Could you transcribe exactly the lines below, from the line with "<p>Members of the" through the line with "8332 Poplar Dr, Edmond, OK", and nothing else, leaving out the pictures?

Captioned web images:
▬▬▬▬▬▬

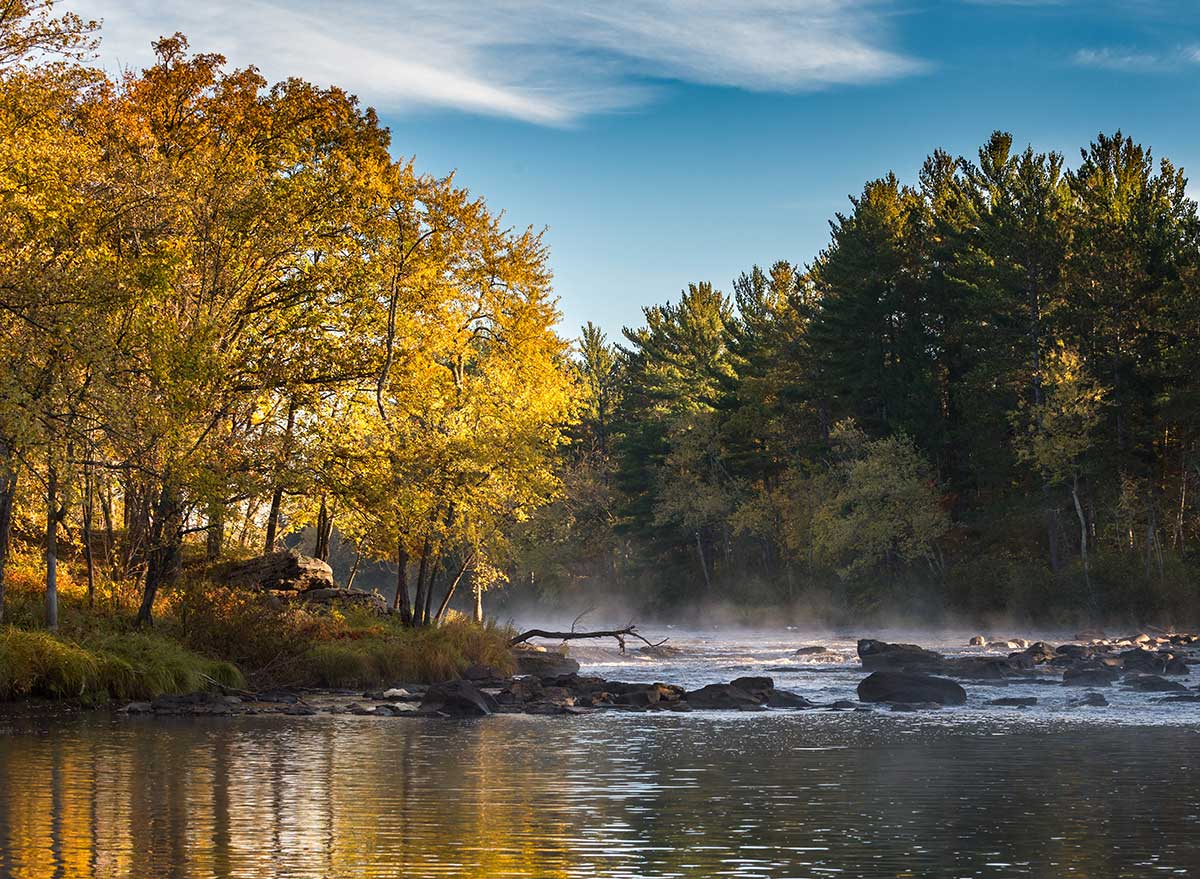 river with mist coming off of it during fall foliage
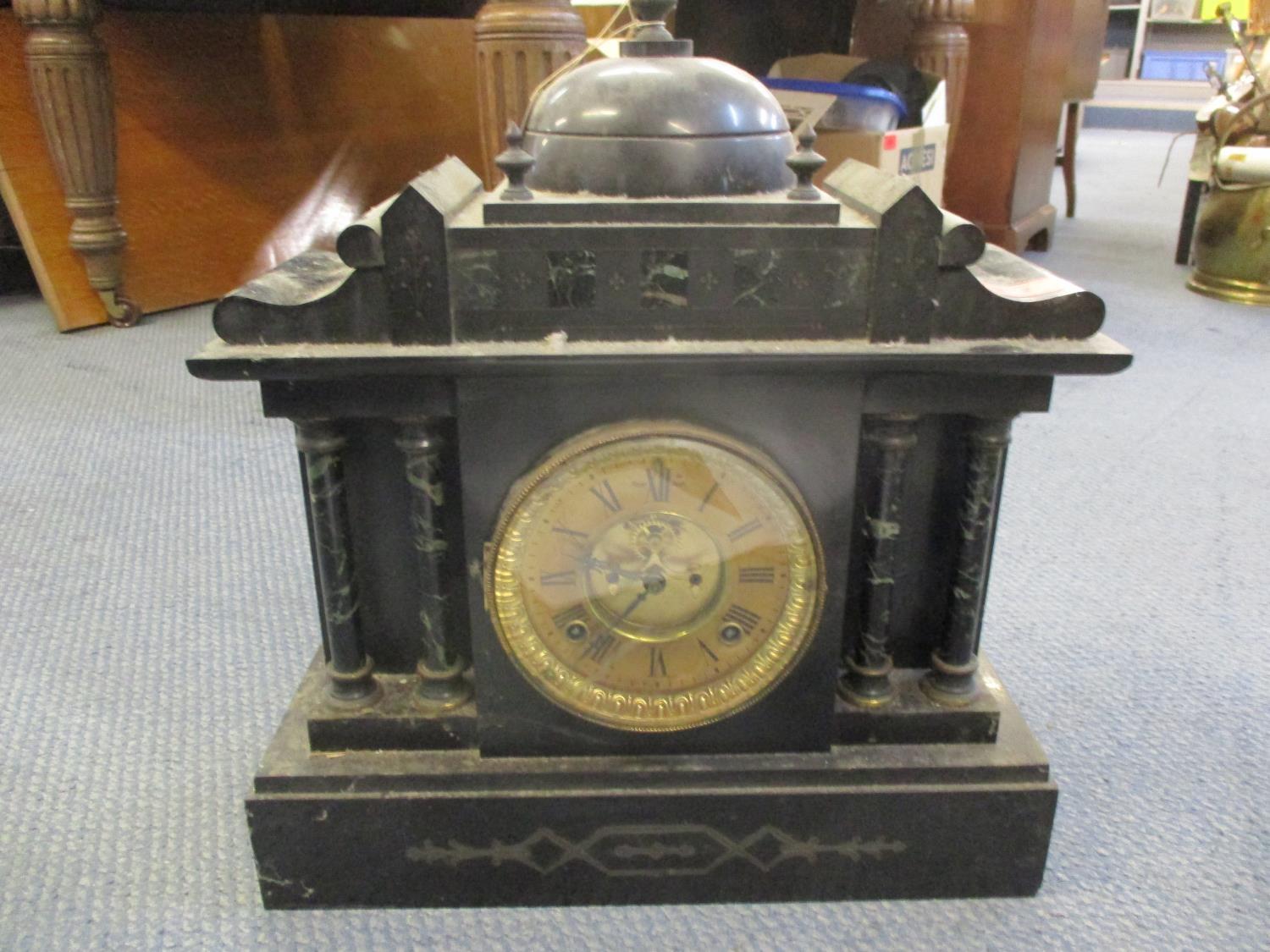 A Victorian black slate mantle clock Location: A3B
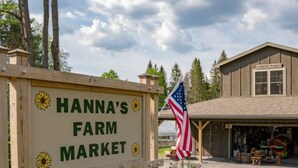 Uma placa de madeira para a Hanna's Farm Market com o logotipo de um girassol, uma bandeira americana e um edifício com uma placa que diz 'Farmers Market'.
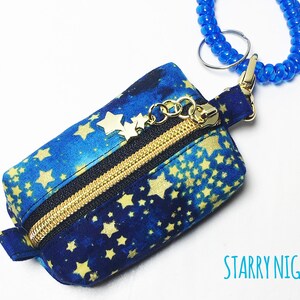 K&ouml;nnte beinhalten: Eine kleine blaue Rei&szlig;verschlusstasche mit einem goldenen Rei&szlig;verschluss und goldenen Stern-Akzenten. Die Tasche hat einen blauen und goldenen Sternenhimmel-Druck und ist an einem blauen Perlen-Schl&uuml;sselanh&auml;nger befestigt. Der Text "STARRY NIGHT" ist unter der Tasche gedruckt.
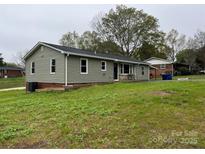 View of the home's exterior, featuring vinyl siding and a well-maintained lawn at 8124 Wood St, Mount Pleasant, NC 28124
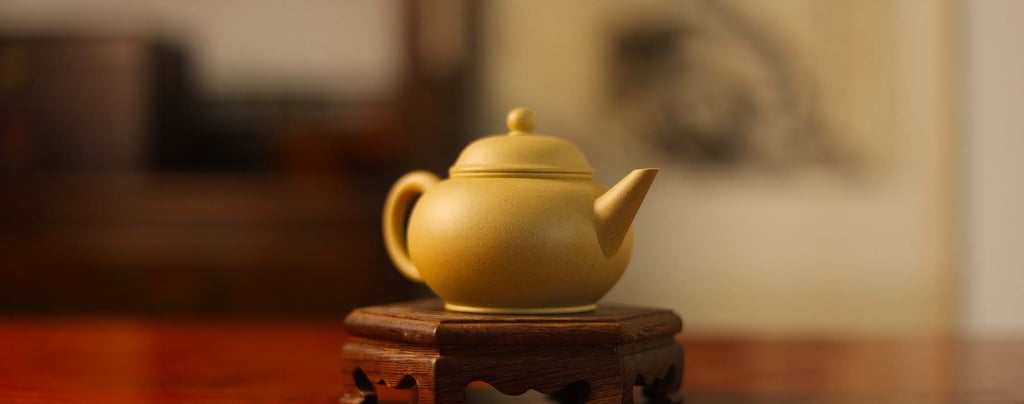 Light yellow teapot placed on a wooden stand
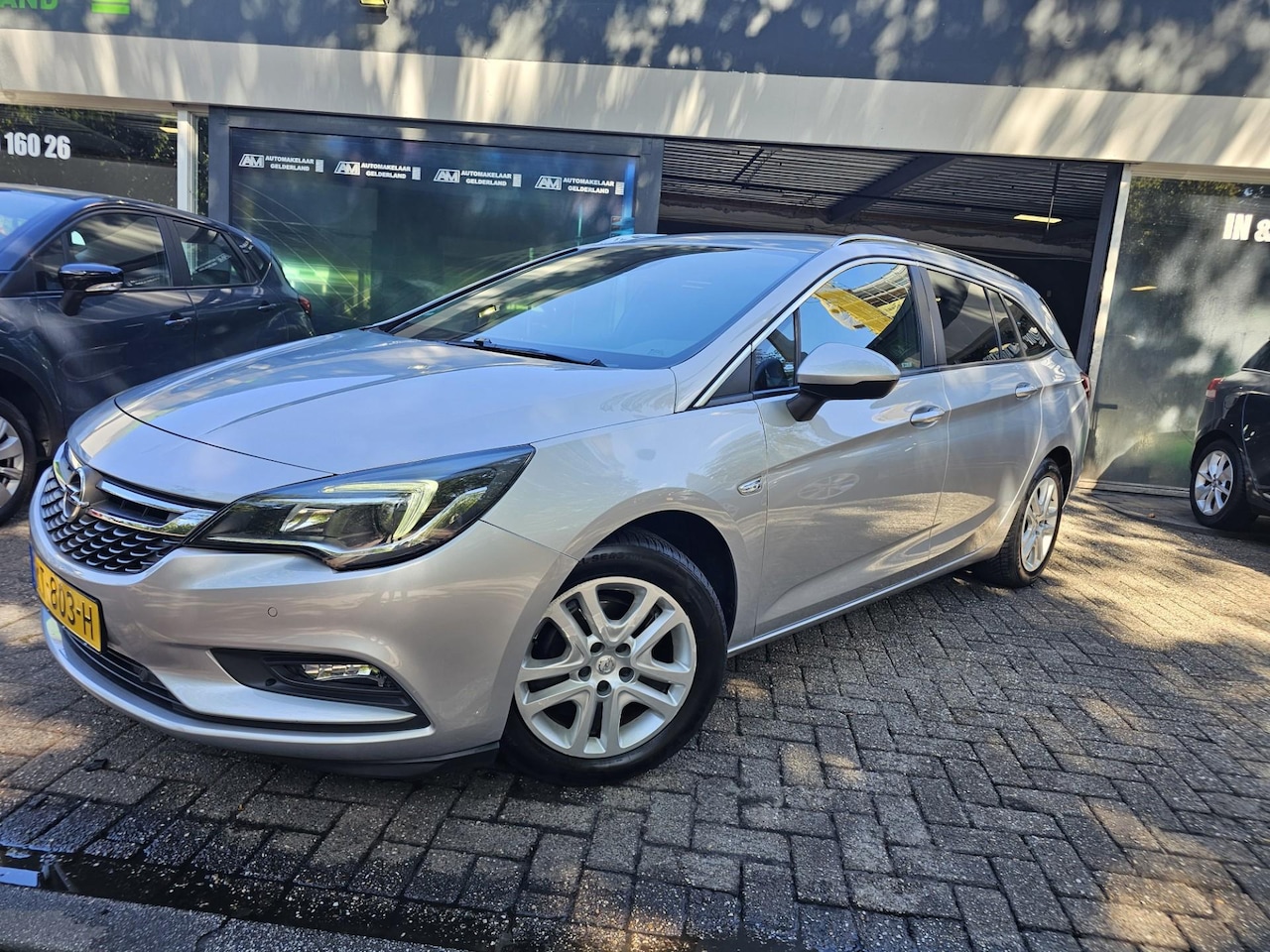 Opel Astra Sports Tourer - 1.0 Business+ | 2E EIGENAAR | NW APK | STOELVERWARMING | TREKHAAK | LMV | - AutoWereld.nl
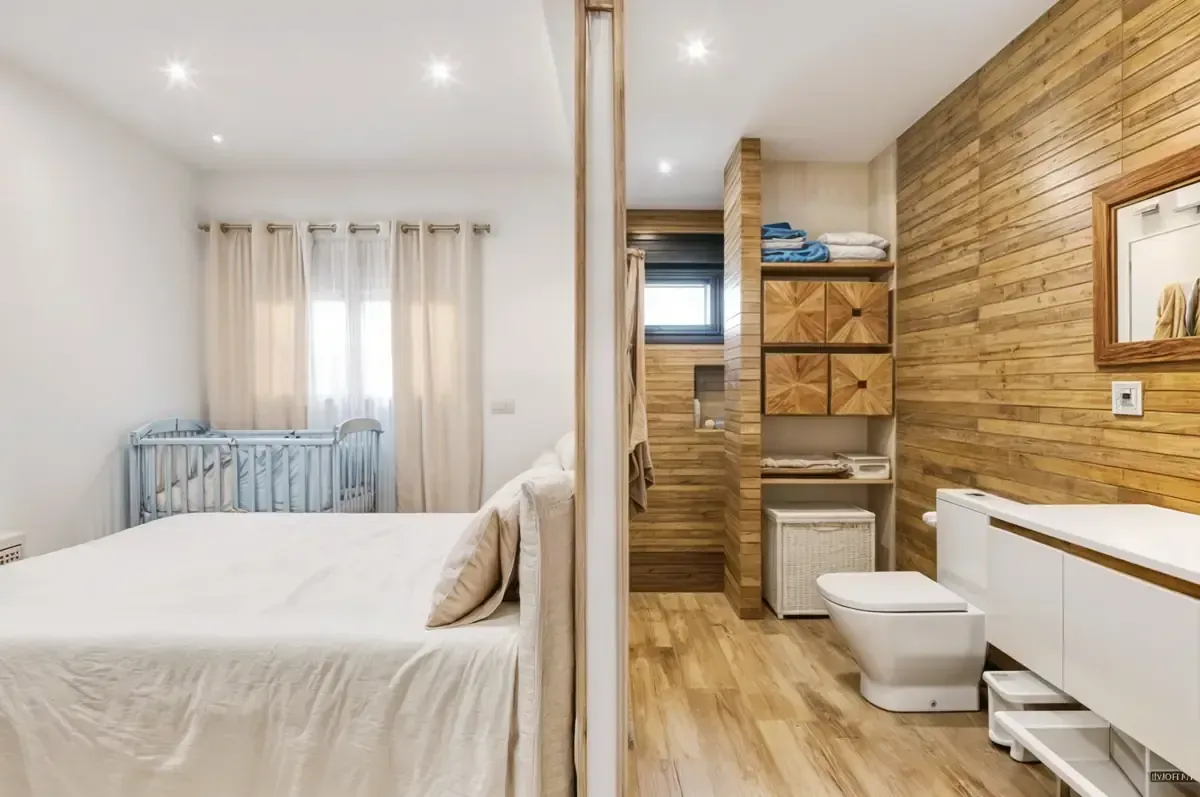 Dormitorio con cama y cuna, abierto a un baño con paredes de madera, inodoro y tocador.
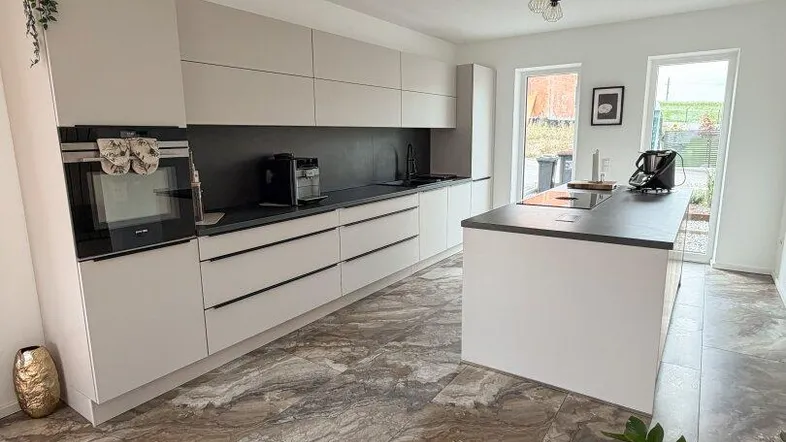 Moderne Küche mit Kücheninsel, hellen Schränken, dunklen Arbeitsplatten und gemustertem Fliesenboden.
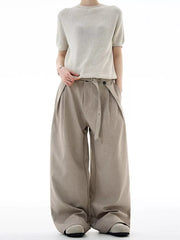 Tailored plus size wide-leg sweatpants in khaki with a belted waist and pleats.
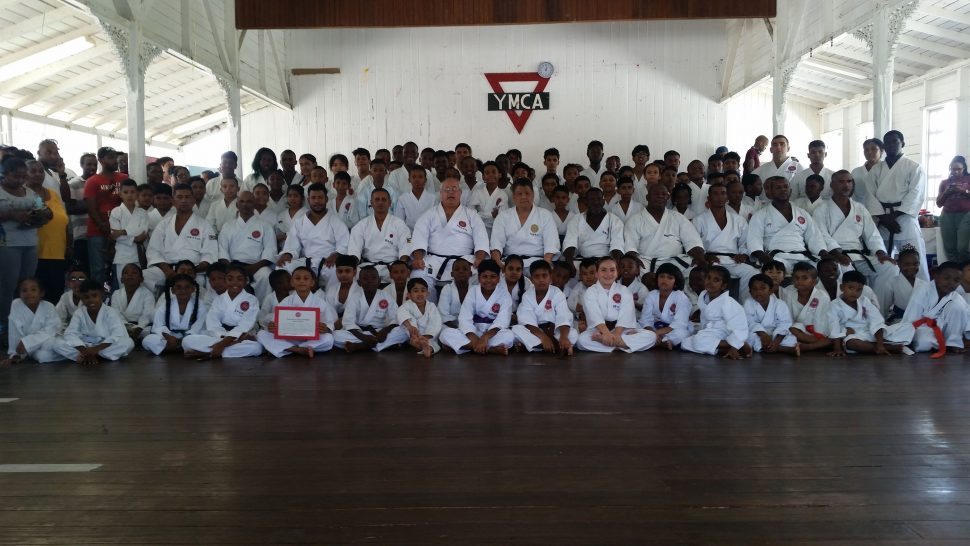 The examinees, along with their instructors and Frank Woon-A-Tai (seated centre) at last Sunday’s ASK-G grading exercise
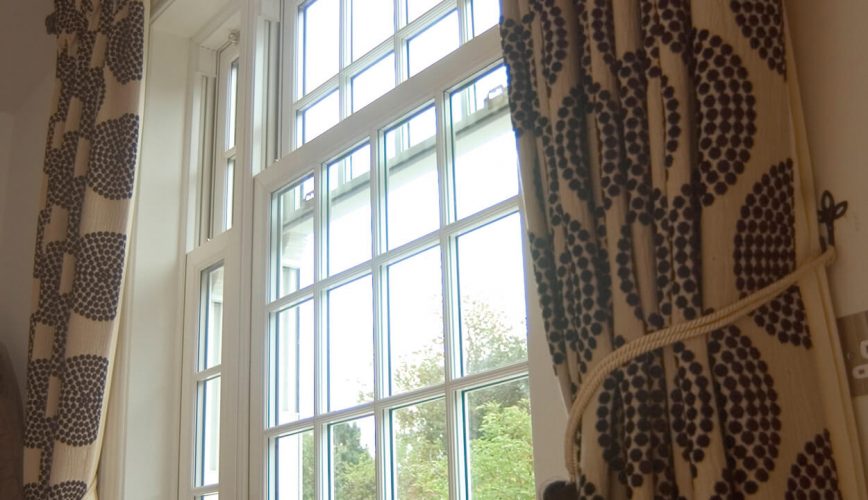 White uPVC vertical slider window close up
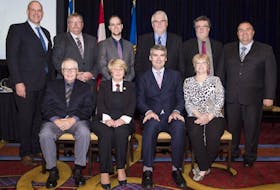 <p>Members of the Nova Scotia Trunked Mobile Radio 2 (TMR2) project were congratulated June 7 on receiving the Premier's Award of Excellence. Pictured here are, from left, back row: Public Service Commission Minister Labi Kousoulis, Scott Hawkes, Matthew Boyle, Todd Brown, Deputy Minister Jeffrey Conrad, and Paul Maynard; front row: Tom Conrad, Suzan MacLean, Premier Stephen McNeil, and Marion Pye.</p>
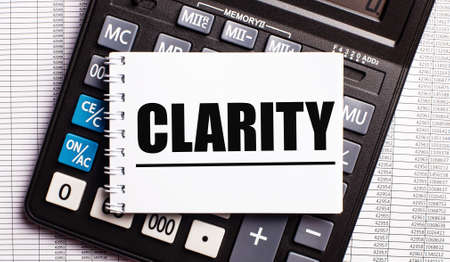 CLARITY word written on a white card on a calculatorの写真素材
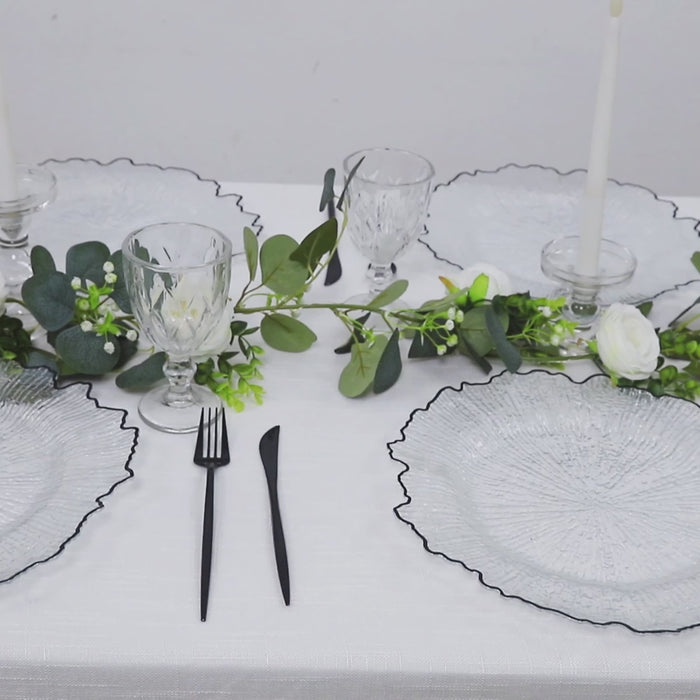 Clear round charger plates with black rim, decorative for dinner parties.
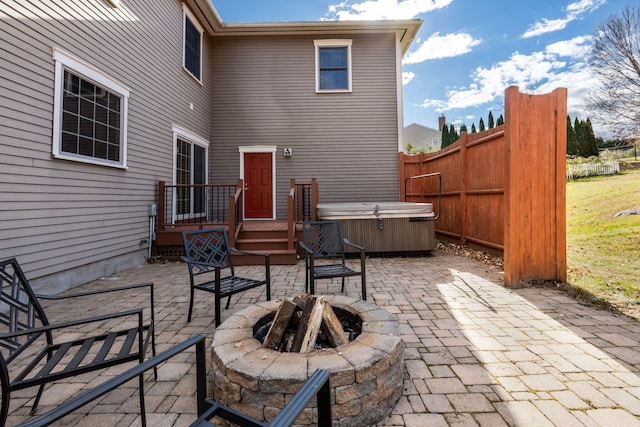 view of patio / terrace with a hot tub and a fire pit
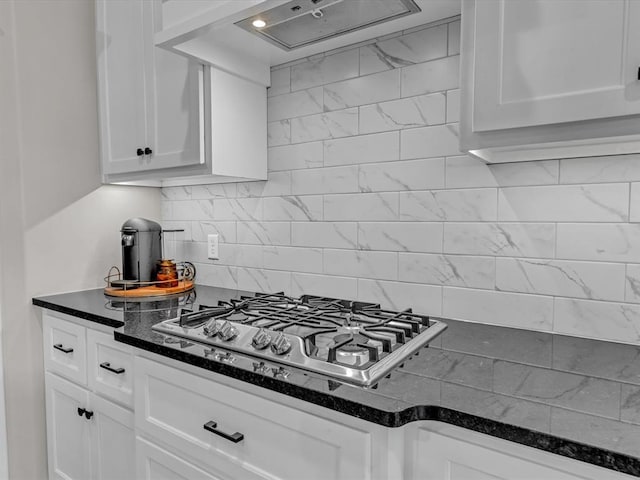 8332 Poplar Dr, Edmond, OK 73034 - kitchen with stainless steel gas stovetop, custom range hood, white cabinetry, backsplash, and dark stone counters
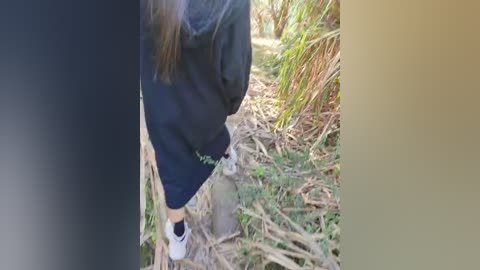 Video of a person with long hair wearing dark pants and white sneakers, standing in a sunlit, dry, grassy area. The background features tall, golden-brown grass and scattered twigs.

▬▬▬▬▬▬

§ YOUR RESPONSE
 <p>Members of the Nova Scotia Trunked Mobile Radio 2 (TMR2) project were congratulated June 7 on receiving the Premier's Award of Excellence. Pictured here are, from left, back row: Public Service Commission Minister Labi Kousoulis, Scott Hawkes, Matthew Boyle, Todd Brown, Deputy Minister Jeffrey Conrad, and Paul Maynard; front row: Tom Conrad, Suzan MacLean, Premier Stephen McNeil, and Marion Pye.</p>
 CLARITY word written on a white card on a calculatorの写真素材
 Clear round charger plates with black rim, decorative for dinner parties.
 view of patio / terrace with a hot tub and a fire pit
 8332 Poplar Dr, Edmond, OK 73034 - kitchen with stainless steel gas stovetop, custom range hood, white cabinetry, backsplash, and dark stone counters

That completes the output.